Maxine Listens written by Dr. Lynda Jones Mubarak, illustrated by Adua Hernandez
From Goodreads: Maxine Hill continues her investigative techniques to solve mysteries and puzzles while practicing community service and human compassion at school and in her community. A new medical diagnosis sends Maxine on a journey to find answers to a very personal concern. What will Max discover this time? Will she be successful? Follow young, Detective Maxine Hill as she seeks to unravel and address another important challenge.
Maxine Hill is back and she’s ready to tackle the latest mystery, this time in her own family. Her dad has been asking her to repeat herself a lot lately and while on a trip to get new glasses her mom breaks the news that a health issue is causing hearing loss. Maxine makes it her mission to understand the deaf/hard of hearing community better in order to understand what is happening to her dad.
In order to understand the hearing loss Maxine decides to research online and to befriend the three hearing impaired children in her grade at school.

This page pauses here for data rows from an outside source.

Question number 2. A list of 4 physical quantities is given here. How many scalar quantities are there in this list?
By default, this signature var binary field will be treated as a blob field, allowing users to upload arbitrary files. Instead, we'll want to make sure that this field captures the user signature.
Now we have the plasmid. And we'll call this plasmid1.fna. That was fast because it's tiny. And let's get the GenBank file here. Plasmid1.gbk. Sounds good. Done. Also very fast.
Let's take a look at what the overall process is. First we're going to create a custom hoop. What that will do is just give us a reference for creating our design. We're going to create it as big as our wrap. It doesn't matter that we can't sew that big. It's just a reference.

The research is an opportunity for her to share what she discovers with the reader and her classmates in the form of an oral presentation. The kids she befriends humanize hearing loss and share different stories and experiences with the condition.

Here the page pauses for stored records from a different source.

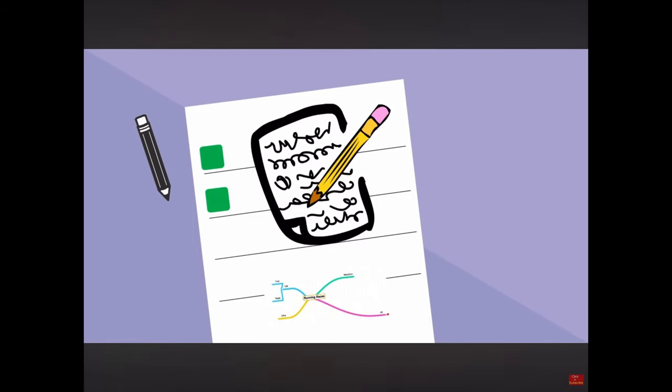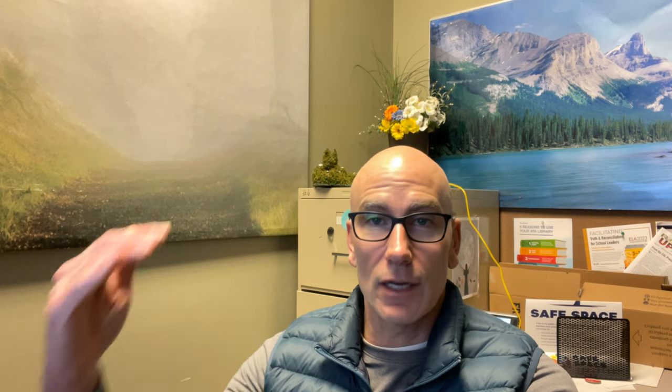Hopefully one or two of these will stick with you while you're going through school, and if you go post-secondary they'll come in really handy. For instance, you'll watch a video on mind mapping, and as you're watching it you're learning the different techniques and going over them.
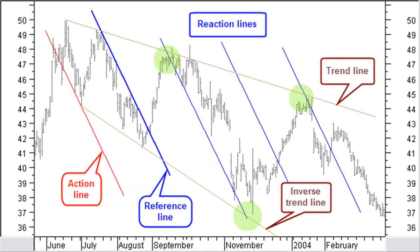For the second action-reaction method, you can use the same three basic lines as with the first method: the reference line, the action line, and the reaction line. Here only one action line — a parallel line with the reference line — is drawn through a turning point in the past. Reaction lines are drawn parallel to the reference line and at equal distances from each other, using the distance between the action line and the reference line as the basic measure. In the example here, we use a simple downtrend line as the reference and the action line through a previous low. Note how price reacts against an inverse downtrend line and a normal downtrend line exactly in the neighborhood of the reaction lines.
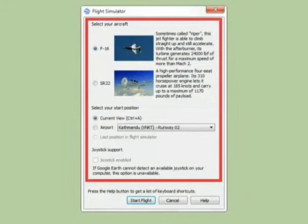Establish your settings. A small window should now open up. There are three parts to this: Aircraft, start position, and joystick.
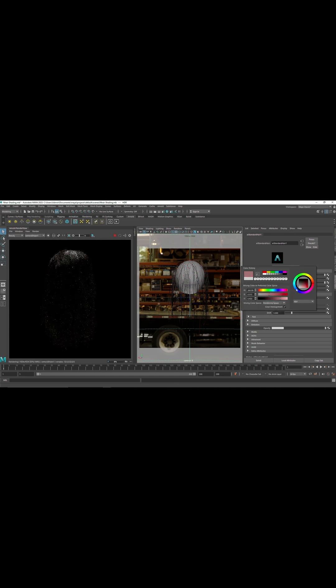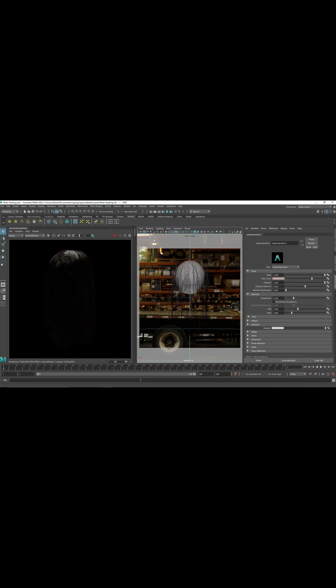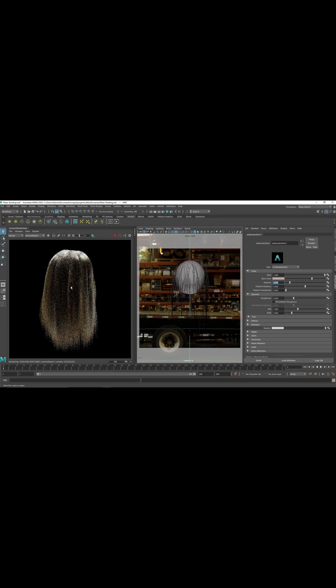Then comes the melanin, which is basically the pigmentation that gives the hair its color. The darker the melanin is, the darker the hair is going to be. So this factor controls the overall color - if you want to make it a brunette or a blonde.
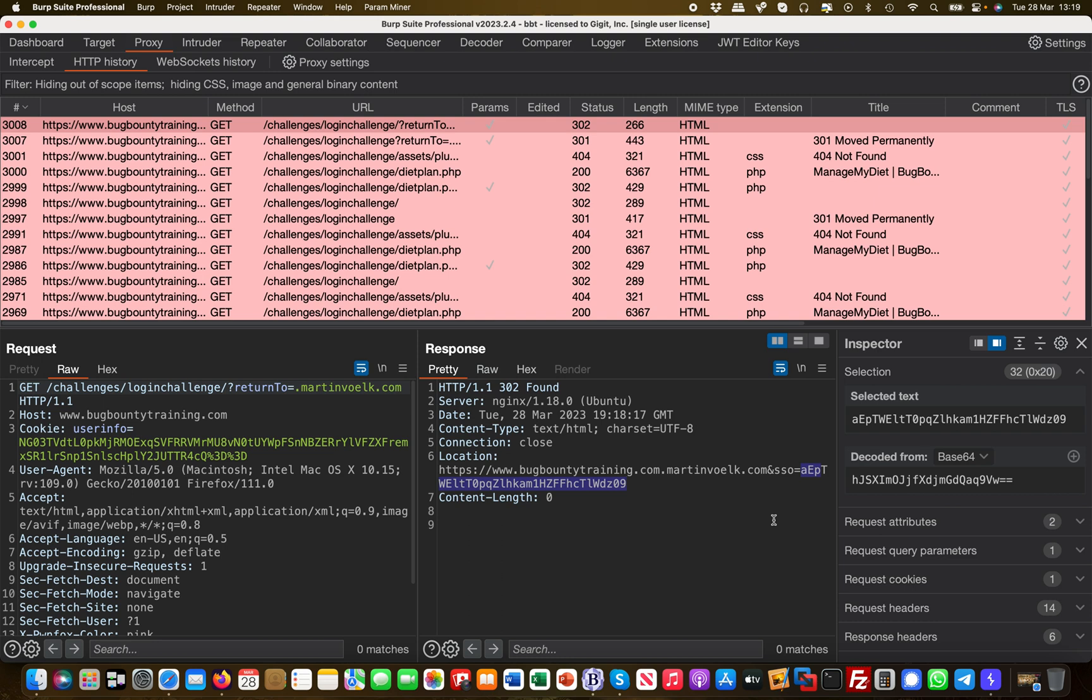The SSO token would effectively have been leaked out to a third party. This is how you utilize an open redirect vulnerability to exfiltrate or steal access tokens, and that makes it a high or critical vulnerability. I hope that makes sense and I see you in the next video.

While the relationships she starts to build could come off as transactional or disingenuous on Maxine’s part she bears in mind something her mother has said when she first approaches them “if you want to learn the truth about a person, take some time to learn the truth about how they live, work, and play”. Chastising herself for not really noticing them before or making an attempt to get to know them, she ends up becoming friends with them and the three kids get to share their stories and their dreams for their futures, which makes them less one-dimensional or props exclusively for Maxine. (Bearing in mind this isn’t a novel, more like a beginning chapter book, the space for developing any character is limited.) They are also portrayed as people and not people that need saving by or validation from Maxine. She doesn’t bring them into the cool group and, while she uses what she has learned from them in her report, the report is about how to be inclusive and her own family’s experience, rather than speaking for the other kids.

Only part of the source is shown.